Dale Watson "Whiskey Or God" (Palo Duro, 2006)
Hardcore honkytonker Dale Watson is back, in a big way, with this rock-solid set of steel-drenched, straightahead, real-deal country tunes. A loping Texas shuffle laces through the uptempo tunes, and a modest, tap-tapping snare drum keeps the time when things slow down.... You feel like you're right there with the band at the bar, taking a quick sip before Dale cuts loose. The first half of the album has the most heft -- weepers like "Sit And Drink And Cry," "I Don't Feel Too Lucky Today" and "Whiskey Or God" pack a lot wallop... Midway through, some of the songs feel like tossoffs, but even a so-so number by Dale Watson beats the hell out of half of what comes out of Nashville. One standout is the unrepentantly retro "38-21-34," which may be sexist and offensive in theory, but is such a good-natured, lusty tune that even if Katha Pollitt might not sing along, Susie Bright definitely would. All in all, another fine entry into the canon -- ol' Dale is still a force of nature!
The Whitetop Mountain Band "Bull Plus 10%" (Arhoolie, 2006)
YEE-HAW. This record is a real treat -- an uncompromised, uncomplicated, absolutely gleeful live set of good-old, old-timey stringband and truegrass tunes... Lots of standards, songs you'll recognize, a few you won't, all delivered with complete sincerity and the sort of pure, unselfconscious enjoyment that is all too rare in our too-cool, media-saturated culture. This disc is a lot of fun, with lively fiddling and puckish vocals by Emily and Martha Spencer... Recommended!

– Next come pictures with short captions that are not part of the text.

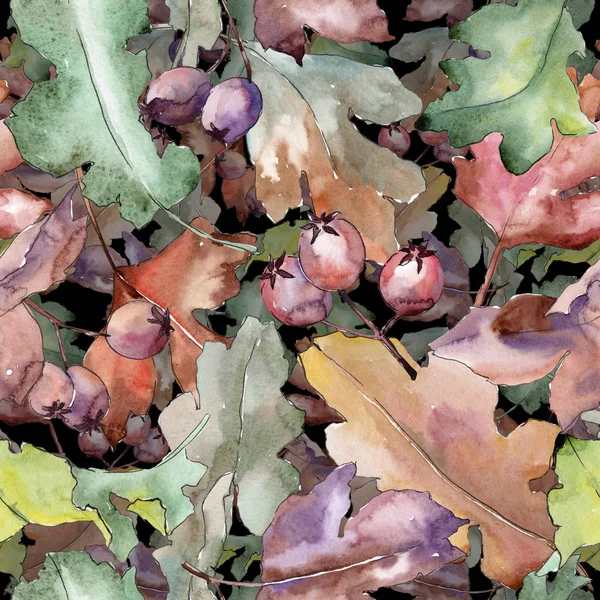 Modello di foglie di quercia in stile acquerello . — Foto Stock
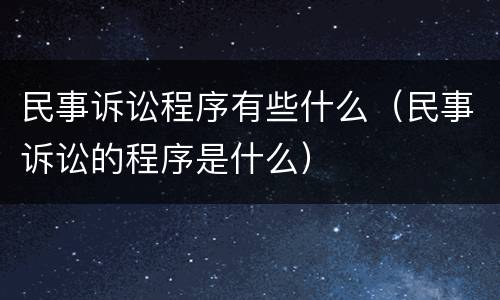 民事诉讼程序有些什么（民事诉讼的程序是什么）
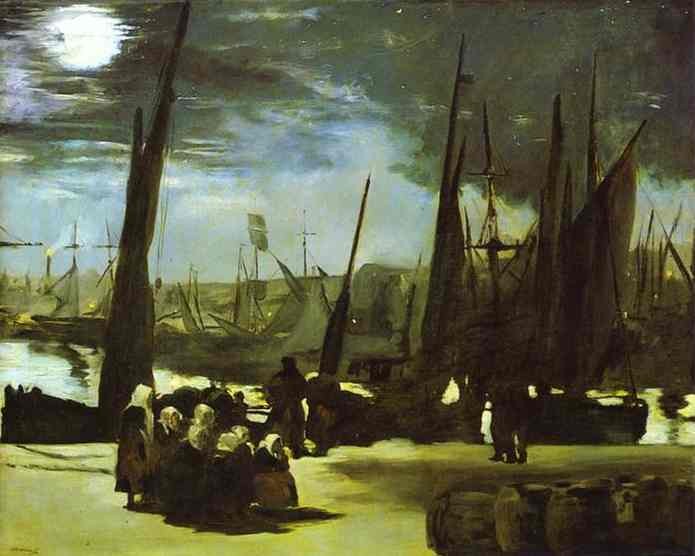 Moonlight on Boulogne Harbour by Edouard Manet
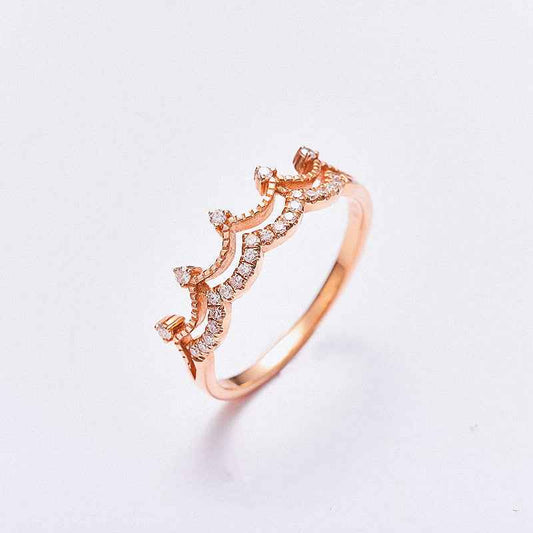 Rose Gold Crown Ring - Silver with Rose Gold Plating and Roman Numeral Design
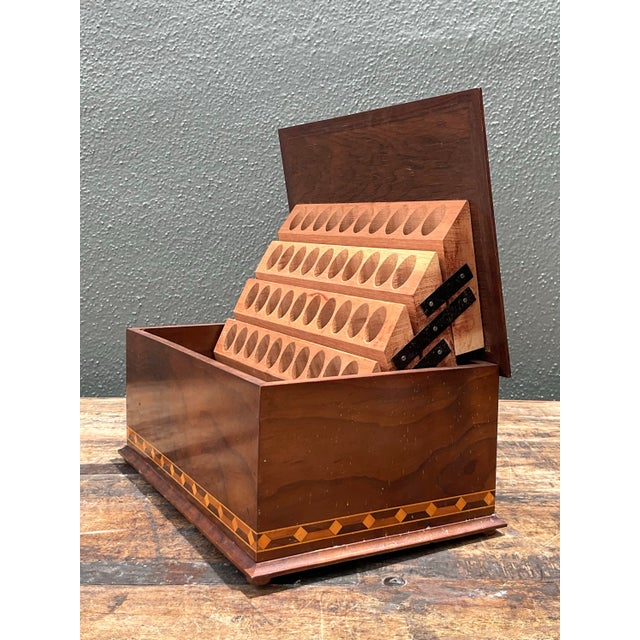 Brown Vintage Marquetry Wood Cigar Humidor For Sale - Image 8 of 12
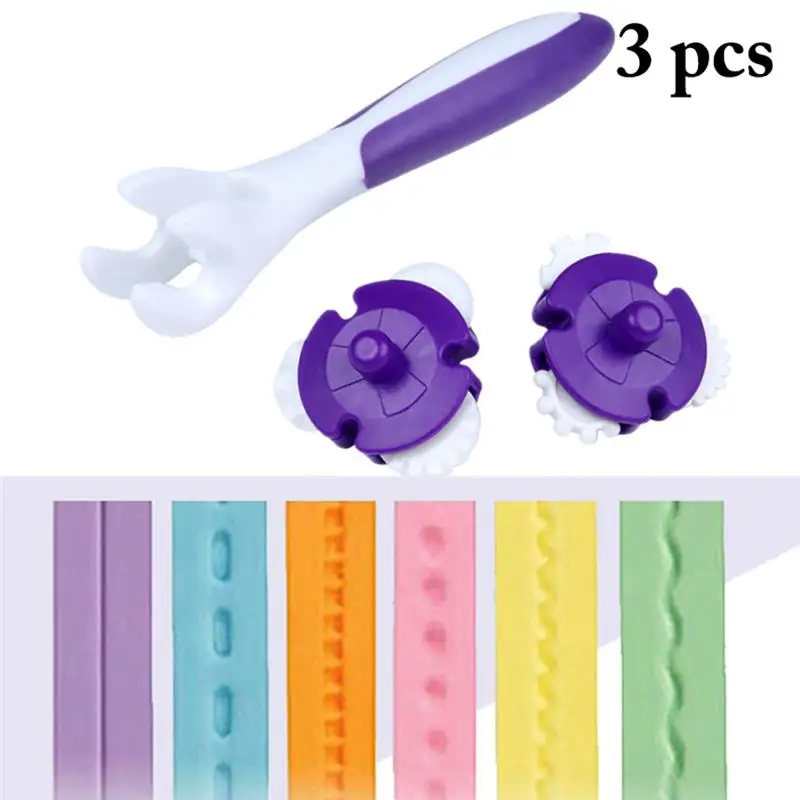 Rolled Fondant Tools Impression Rolling Cutter Cupcake Decorating Roller Cake Decorating Tools Mini Baking Tools With Embosser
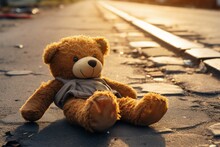 Lost Teddy Lies Forsaken On The Street, A Heartrending Sight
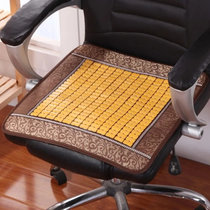 夏季麻将凉席坐垫办公室电脑椅垫夏天餐椅竹子竹垫子汽车座垫透气(金色包边)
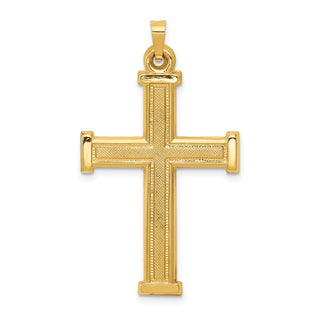 14k Yellow Gold Hollow Latin Cross Pendant XR277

Various Artists "GLORYLAND: 30 BLUEGRASS GOSPEL CLASSICS" (Time-Life Records, 2006)
Cherrypicking the best gospel tracks from Rebel Records' independent bluegrass catalog, this slam-bang, no-nonsense 2-CD set is one of the finest, purest collections of its kind. It's all great stuff, with heartfelt performances by folks such as J. D. Crowe, Jim Eanes, Del McCoury, Don Reno, Larry Sparks, The Stanley Brothers, some early stuff by Rhonda Vincent and the ever-soulful Paul Williams. There are also some less well-known artists, such as the Marshall Family, whose songs of praise are every bit as spine-tingly and propulsive as the big stars mentioned above. Really, you can't go wrong with this album... If you want to hear some fine testifyin' and even finer pickin', then check this puppy out. Recommended!
Various Artists "THE PILGRIM: A CELEBRATION OF KRIS KRISTOFFERSON" (American Roots, 2006)

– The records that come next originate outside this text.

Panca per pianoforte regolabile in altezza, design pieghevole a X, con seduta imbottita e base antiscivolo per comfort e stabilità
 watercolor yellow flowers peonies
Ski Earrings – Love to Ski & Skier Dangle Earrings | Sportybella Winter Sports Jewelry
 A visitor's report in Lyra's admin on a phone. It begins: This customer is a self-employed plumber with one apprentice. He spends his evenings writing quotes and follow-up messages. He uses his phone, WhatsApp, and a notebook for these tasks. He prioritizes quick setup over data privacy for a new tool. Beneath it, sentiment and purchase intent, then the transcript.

A flat-out awesome album, one of the best tribute discs you'll ever hear. Undaunted by the release a couple of years earlier of two scraggy alt-country Kris Kristofferson homages, the folks at American Roots have rounded up some major talent, including heavyweights such as Willie Nelson, Emmylou Harris, Jessi Colter and Rosanne Cash, alongside younger artists like Shawn Camp, Bruce Robison, Kelly Willis and Todd Snider, all of whom show a strong affinity for Kristofferson's work. High marks go to rowdy gal Gretchen Wilson, who gets a plum role singing "Sunday Morning Comin' Down," and Russell Crowe who gives a surprisingly moving version of "Darby's Castle"; Waylon's boy, Shooter Jennings, acquits himself well on "The Silver Tongued Devil And I," and it's nice to hear raspy ol' Marshall Chapman ripping her way through "Jesus Was A Capricorn..." But really, it's hard to play favorites with this album... With the sole exception of a horrible track by "soul" singer Brian Knight, this disc is all killer, no filler from start to finish. Highly recommended!